SOURCE DATA:

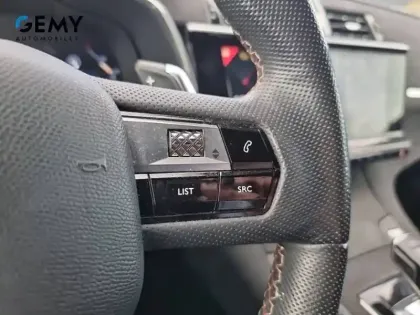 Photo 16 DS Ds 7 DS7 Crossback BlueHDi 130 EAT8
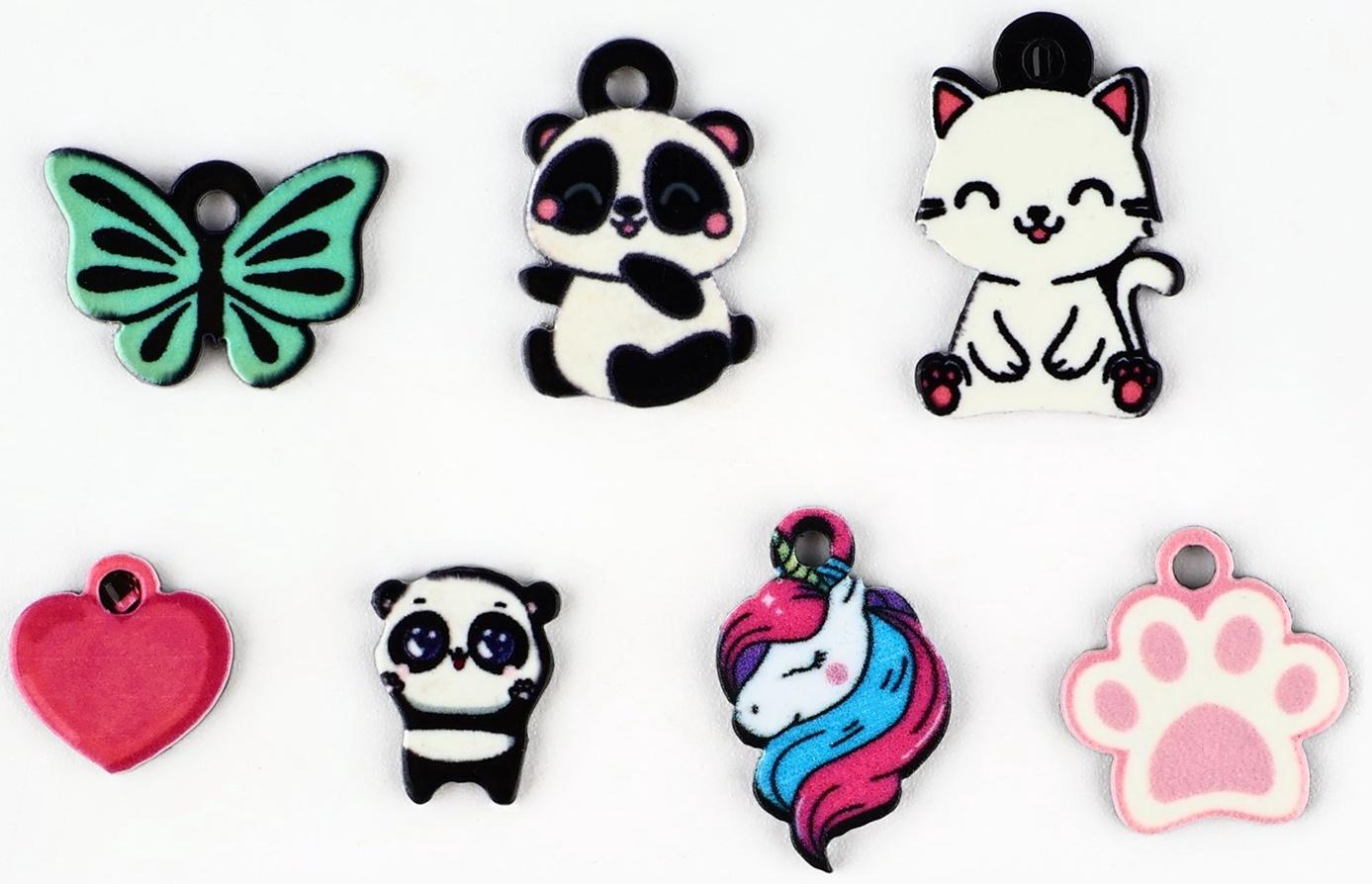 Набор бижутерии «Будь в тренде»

---

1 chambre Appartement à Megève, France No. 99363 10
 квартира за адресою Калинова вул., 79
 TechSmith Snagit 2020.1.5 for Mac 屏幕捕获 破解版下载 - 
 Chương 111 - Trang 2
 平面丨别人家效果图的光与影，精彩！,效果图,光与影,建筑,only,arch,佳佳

PROBLEM STATEMENT: Starting with the line above that holds "TechSmith Snagit 2020.1.5" and stopping with the line that holds "平面丨别人家效果图的光与影，", reproduce each line exactly, omitting all other lines.

ANSWER SPACE:
 TechSmith Snagit 2020.1.5 for Mac 屏幕捕获 破解版下载 - 
 Chương 111 - Trang 2
 平面丨别人家效果图的光与影，精彩！,效果图,光与影,建筑,only,arch,佳佳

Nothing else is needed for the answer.